The topic for this article is: the concept of the guilty pleasure in reading.
The research questions will be: what is a guilty pleasure in reading? Why do we consider some books guilty pleasures? Is there really such as thing as a guilty pleasure in reading?
I have a number of process steps when gathering information to write about a topic.
STEP ONE: Defining my terms and brainstorming.
What is a guilty pleasure? Often in popular culture we use terminology that has connotative meaning, as in it has meaning that is commonly understood. When we are talking about a guilty pleasure we mean it as something that is engaged in that brings us the contradictory experiences of guilt and pleasure. So what do these terms actually mean?
I have a love affair with the Oxford English Dictionary database, however, unfortunately unless you are affiliated with a university that has a subscription it is not a cheap site to access. The OED provides not only a definition but also a historical background of the progression and use of a term.
Guilty: “That has offended or been in fault; delinquent, criminal. Now in stronger sense: That has incurred guilt; deserving punishment and moral reprobation; culpable” (“Guilty,” OED, 2018, para. 1).
What this gives us is a general definition and an age range for the use of the word (circa the early 1000s), and nope nothing really there that we didn’t think about, but it has given me some ideas – for instance the word criminal leaps out to me. So one idea I will take down into my brainstorm will be the literal interpretation of guilty, books that are considered criminal – or illegal in different places and why.

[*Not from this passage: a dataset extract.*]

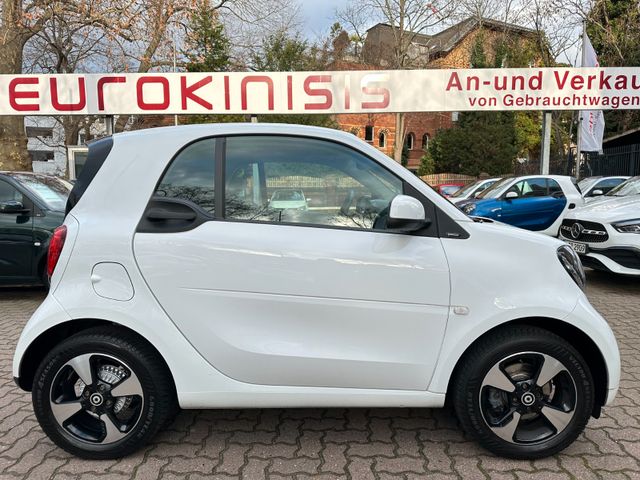 Smart fortwo TWINAMIC passion DCT*PANO*SHZ*NAVI*PTS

The OED expands on the use of the term in many forms, most that I am not interested in, until I scroll down to number two and then as a subsection of c is this:
“In playful of ironical use” (“Guilt,” OED, 2018, para. 5). Indeed. This could yield a few new ideas that include the type of literature that one would feel guilty engaging in a playful manner. That Shakespeare is at the top of the list having used the term in a playful way gets me thinking about the fact that during its time Shakespeare’s plays were for the common people – they were popcorn plays, and some more than others.
Okay, let’s have a look at the word pleasure now.

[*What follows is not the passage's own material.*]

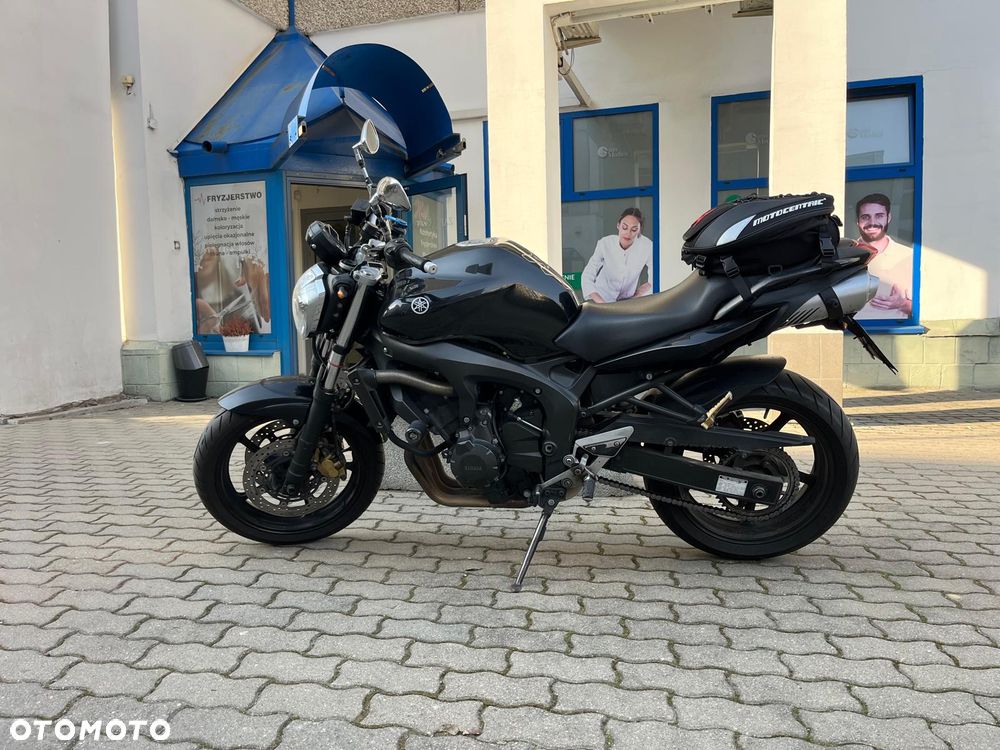 Yamaha FZ6 - 3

Pleasure: “The condition or sensation induced by the experience or anticipation of what is felt to be good or desirable; a feeling of happy satisfaction or enjoyment; delight, gratification. Opposed to pain” (“Pleasure,” OED, 2018, para. 1).

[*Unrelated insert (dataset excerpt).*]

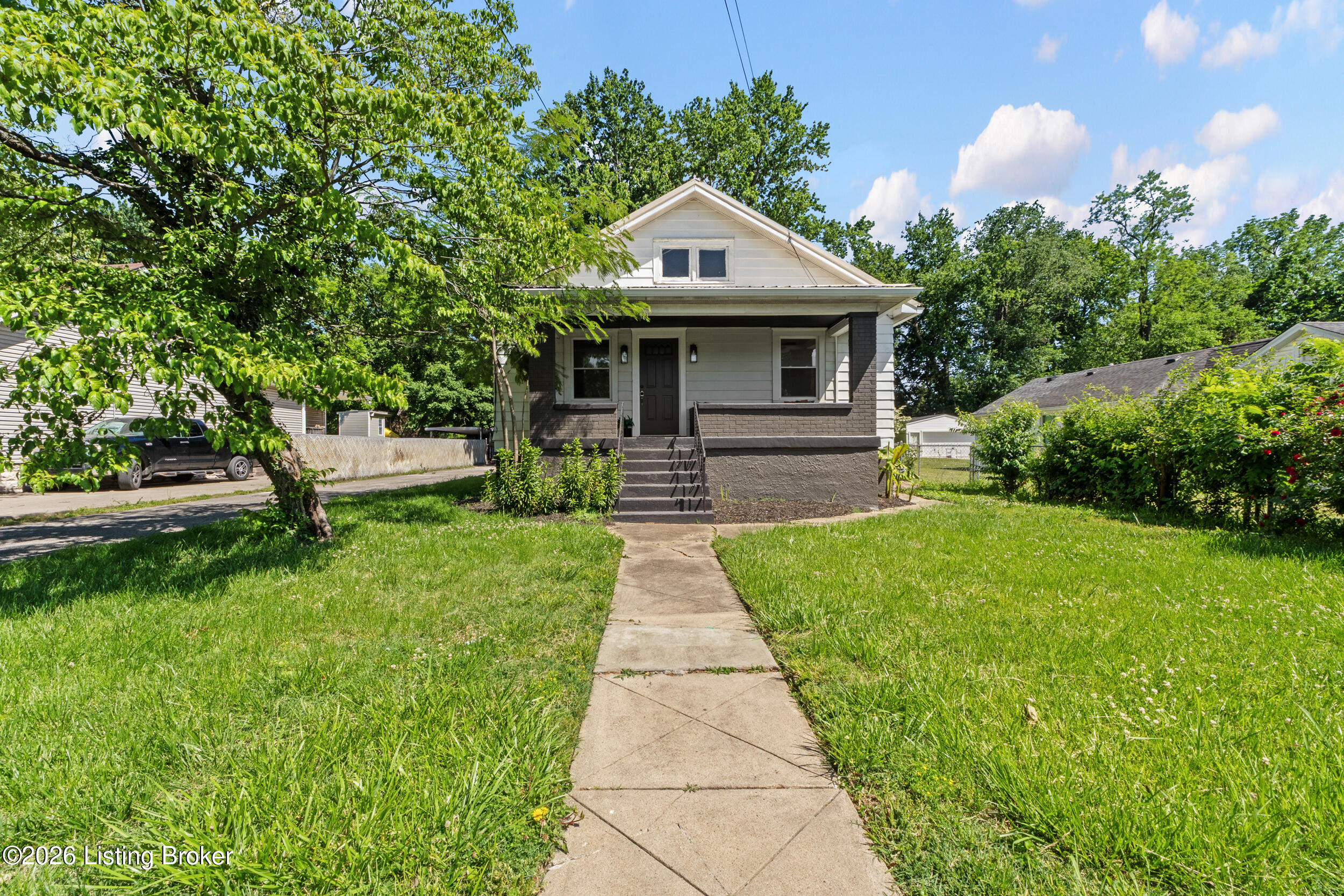 1418 Indiana Ave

Interestingly the use of the term is much later than guilt, believed to have entered around 1393 – 1450. Then as the next definition, part b but still part of the first definition, was this:
“The indulgence of physical, esp. sexual, desires or appetites; sensual or sexual gratification. to take one's pleasure: to have sexual intercourse” (“Pleasure,” OED, 2018, para. 2).
This second definition offers a connection to the fact that most often when talking about guilty pleasure literature we are alluding to romance novels or soft-erotica. However, both link to important emotional states of happiness or desire, but each is framed as an indulgence, versus guilt that carries a much more negative connotation to the term. The combination of the two terms together then implies a fairly negative perception of a personal fulfilment – not unalike the way in Western society we still treat the concept of sex. So it looks like the terminology is actually quite accurate to the actual connotations that surround the idea, which is not often true and when it isn’t can yield some really interesting analysis.
Next, considering now the terminology and my own general thoughts on the topic I begin to outline my ideas in a general brainstorm.
I have tried to group a number of my concepts as they have emerged. This is an important stage as it begins to frame the response I am thinking of putting together, but it also starts to give me some great search terms for research. Note also that every step of this process, even if I wasn’t posting it online, would be recorded in a word document in the order I have progressed. This allows me to go back and chase up threads that I may not initially think are useful.